▶ [Given material]:
■ ■ ■ ■

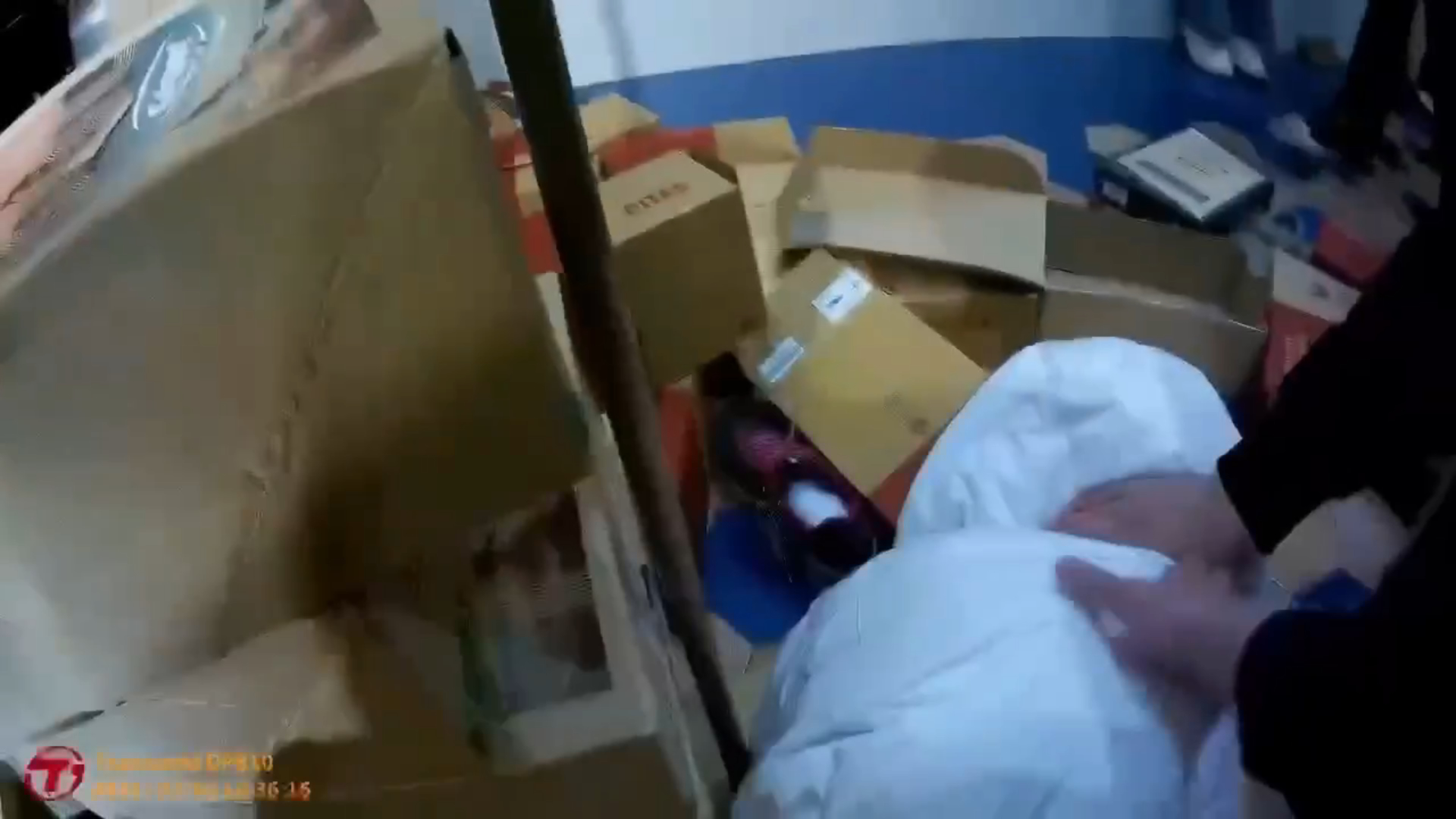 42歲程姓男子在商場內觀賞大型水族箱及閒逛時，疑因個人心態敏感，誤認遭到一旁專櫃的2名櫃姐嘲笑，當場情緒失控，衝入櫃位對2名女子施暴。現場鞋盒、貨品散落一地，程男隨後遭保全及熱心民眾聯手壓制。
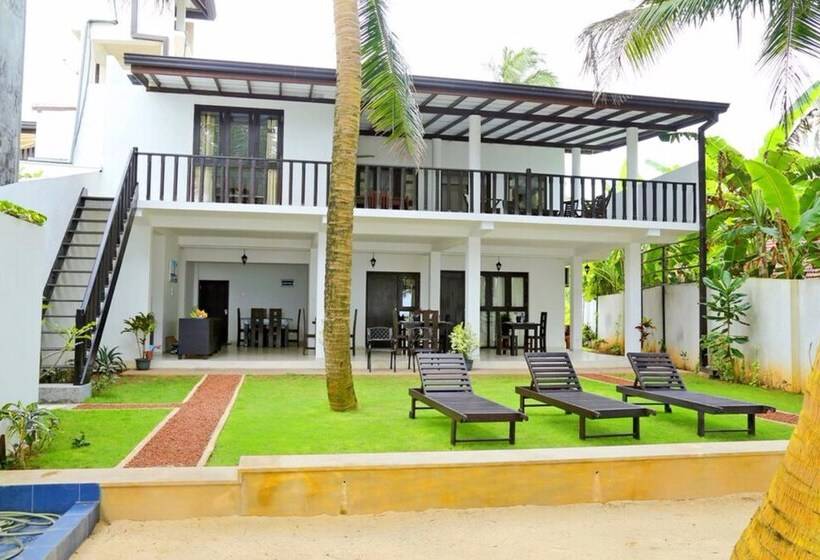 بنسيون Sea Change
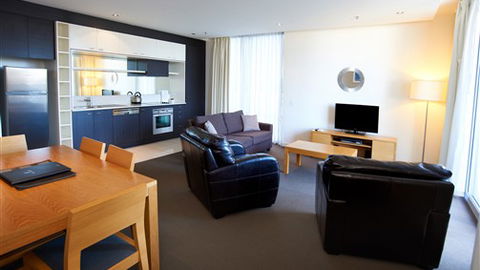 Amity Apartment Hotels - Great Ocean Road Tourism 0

■ ■ ■ ■

▶ [What this task involves]:
All of the material above should be output exactly, with the pictures left behind.

▶ [Written solution]:
 42歲程姓男子在商場內觀賞大型水族箱及閒逛時，疑因個人心態敏感，誤認遭到一旁專櫃的2名櫃姐嘲笑，當場情緒失控，衝入櫃位對2名女子施暴。現場鞋盒、貨品散落一地，程男隨後遭保全及熱心民眾聯手壓制。
 بنسيون Sea Change
 Amity Apartment Hotels - Great Ocean Road Tourism 0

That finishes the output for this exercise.